The system comprises a network of principal strike-slip strands and subsidiary faults including the northern strand near Point Arena, the central segment traversing the San Francisco Peninsula and the southern strand through the Carrizo Plain and the San Gorgonio Pass region. Key named structures include the Hayward Fault, Calaveras Fault, Garlock Fault (a left-lateral structure that crosscuts stress fields), and the Elsinore Fault Zone. Offshore continuations interact with the Queen Charlotte Fault to the north and the Imperial Fault to the south. Structural complexity arises at stepovers, bends, and restraining/releasing geometries such as the transpressional Santa Cruz Mountains uplift and the transtensional Salton Basin.

Seismic History and Major Earthquakes

Historic and prehistoric earthquakes reflect segmentation and rupture dynamics, with well-documented events such as the 1906 magnitude ~7.9 1906 San Francisco earthquake and the 1857 magnitude ~7.9 1857 Fort Tejon earthquake producing long surface ruptures across the Coast Ranges and the Mojave Desert. Southern system interactions produced the 1992 magnitude 7.3 1992 Landers earthquake and the 1994 magnitude 6.7 1994 Northridge earthquake (on a blind thrust related to regional strain), while the linked 1857 Fort Tejon earthquake rupture informs paleoseismic chronology along the central segments. Paleoseismology at trench sites along the Pallett Creek and Carrizo Plain records multiple Holocene ruptures used to estimate recurrence intervals and to correlate ruptures with historic accounts from Spanish and Mexican colonial records.

Movement, Slip Rates, and Deformation

Geodetic and geologic measurements quantify slip partitioning: the average long-term right-lateral slip rate ranges from ~20–35 mm/yr on the western strands to lower rates on some eastern strands. Global GPS networks, InSAR interferometry studies, and paleoseismic offsets document both steady aseismic creep on sections such as parts of the Hayward Fault and episodic stick-slip behavior on locked sections such as the southern Coast Ranges. Distributed deformation is accommodated by slip transfer to structures like the Garlock Fault and deformation within the Transverse Ranges. Cross-fault folding, regional uplift, and basin subsidence are recorded in geomorphic markers along rivers, marine terraces near Monterey Bay, and offset alluvial fans in the Mojave Desert.

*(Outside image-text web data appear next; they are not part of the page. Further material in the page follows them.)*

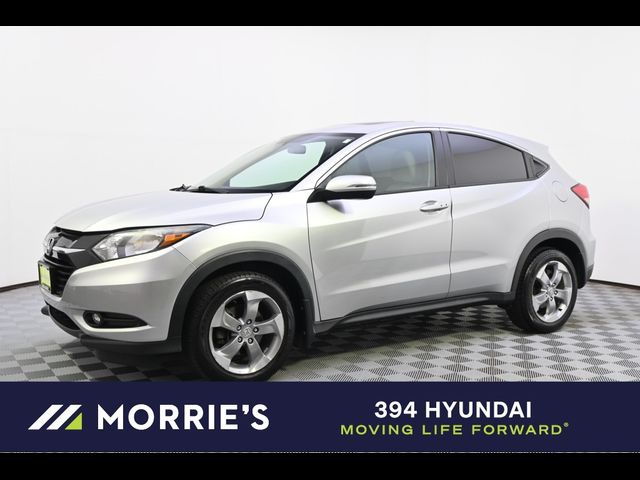 2016 Honda HR-V EX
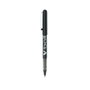 Pilot V-Ball Bolígrafos de Tinta Líquida Negro 0,7 mm (Set de 12)
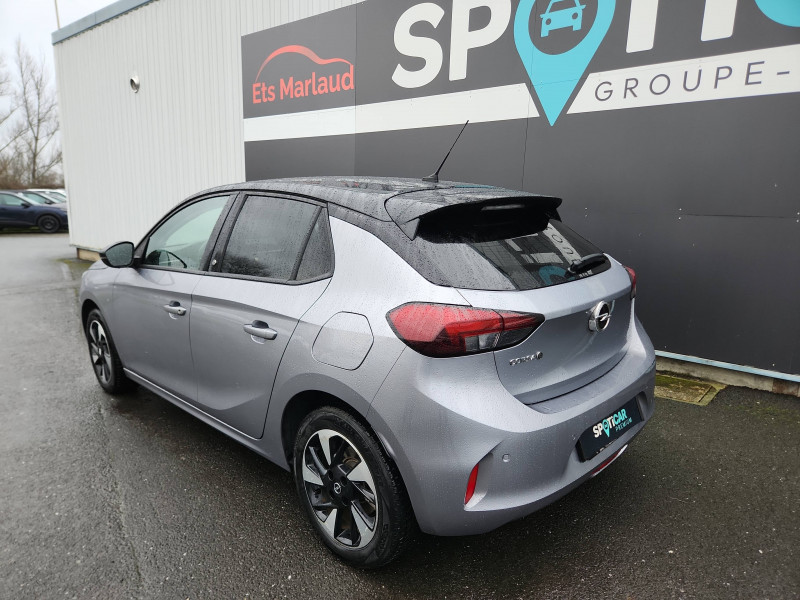 Opel Corsa Corsa Electrique 136 ch & Batterie 50 kw/h Edition Business   occasion � Lescure-d'Albigeois - photo n�6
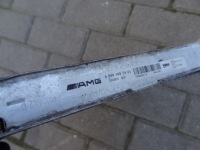 Радиатор воды a0995005903 mercedes gt gls gl ml gle c292 c190 w205 amg в Украине, фото thumb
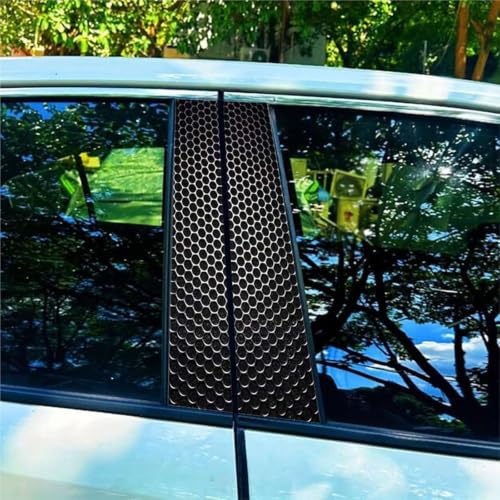 Decoración exterior deportiva Dacia Sandero Stepway pegatinas pilar alta durabilidad 3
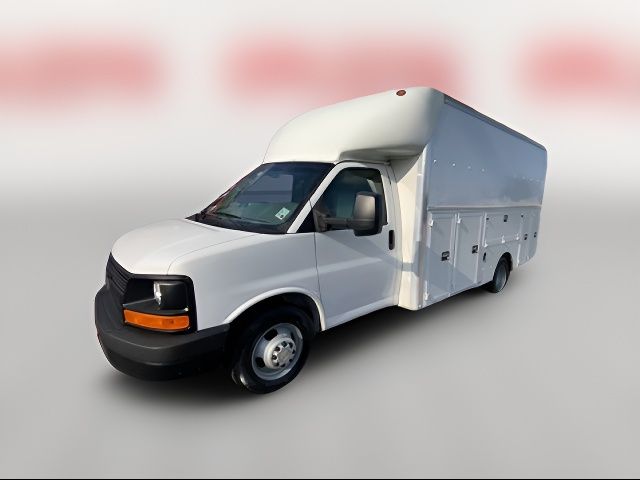 2015 Chevrolet Express Base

Hazard Assessment and Preparedness

Seismic hazard models produced by institutions including the United States Geological Survey, the California Geological Survey, and regional emergency management agencies combine paleoseismic, geodetic, and seismicity catalogs to produce probabilistic forecasts for metropolitan areas such as San Francisco Bay Area and Los Angeles County. Urban infrastructure vulnerability involves lifelines like Interstate 5, U.S. Route 101, rail corridors such as Caltrain and BNSF Railway, water systems like the California Aqueduct and Hetch Hetchy supply, and energy facilities in the Los Angeles Basin. Mitigation measures include seismic building codes promulgated by the California Building Standards Commission, retrofitting initiatives by municipal authorities, community preparedness programs led by organizations such as the American Red Cross and FEMA, and land-use policies informed by Seismic Hazard Zones.

Monitoring, Research, and Modeling

Continuous monitoring networks operated by agencies and academic groups—USGS seismic arrays, statewide Caltech GPS installations, and university observatories at UC Berkeley and Scripps Institution of Oceanography—provide earthquake catalogs, strain-rate maps, and early-warning data integrated with systems like the ShakeAlert program. Research topics include dynamic rupture modeling using supercomputer facilities at national labs, laboratory experiments on frictional properties linked to the rate-and-state friction framework, and tsunami modeling for offshore rupture scenarios involving the Gulf of California. Interdisciplinary studies combine paleoseismology, geomorphology, geodesy, and structural geology to improve rupture forecasts and resilience planning for urban centers such as San Francisco and Los Angeles.